[PROBLEM]: Pull from the data below each line where the word "with" occurs, and copy it.

[INPUT RECORDS]:
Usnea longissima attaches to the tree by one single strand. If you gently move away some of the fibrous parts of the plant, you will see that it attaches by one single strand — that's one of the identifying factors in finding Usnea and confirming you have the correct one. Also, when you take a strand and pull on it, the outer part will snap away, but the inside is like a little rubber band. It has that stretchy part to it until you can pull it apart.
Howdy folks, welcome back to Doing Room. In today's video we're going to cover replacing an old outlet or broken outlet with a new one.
--
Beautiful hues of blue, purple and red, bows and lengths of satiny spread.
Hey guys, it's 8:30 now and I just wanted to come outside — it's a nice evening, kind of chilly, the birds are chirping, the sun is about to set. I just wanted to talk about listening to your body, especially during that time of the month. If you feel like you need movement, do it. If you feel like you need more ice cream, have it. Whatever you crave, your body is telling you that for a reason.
--
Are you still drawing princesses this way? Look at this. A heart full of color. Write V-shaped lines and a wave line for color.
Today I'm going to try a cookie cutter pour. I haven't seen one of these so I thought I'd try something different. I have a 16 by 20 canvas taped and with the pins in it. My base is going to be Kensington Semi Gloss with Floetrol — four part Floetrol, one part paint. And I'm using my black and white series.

[RESPONSE AREA]:
Howdy folks, welcome back to Doing Room. In today's video we're going to cover replacing an old outlet or broken outlet with a new one.
Today I'm going to try a cookie cutter pour. I haven't seen one of these so I thought I'd try something different. I have a 16 by 20 canvas taped and with the pins in it. My base is going to be Kensington Semi Gloss with Floetrol — four part Floetrol, one part paint. And I'm using my black and white series.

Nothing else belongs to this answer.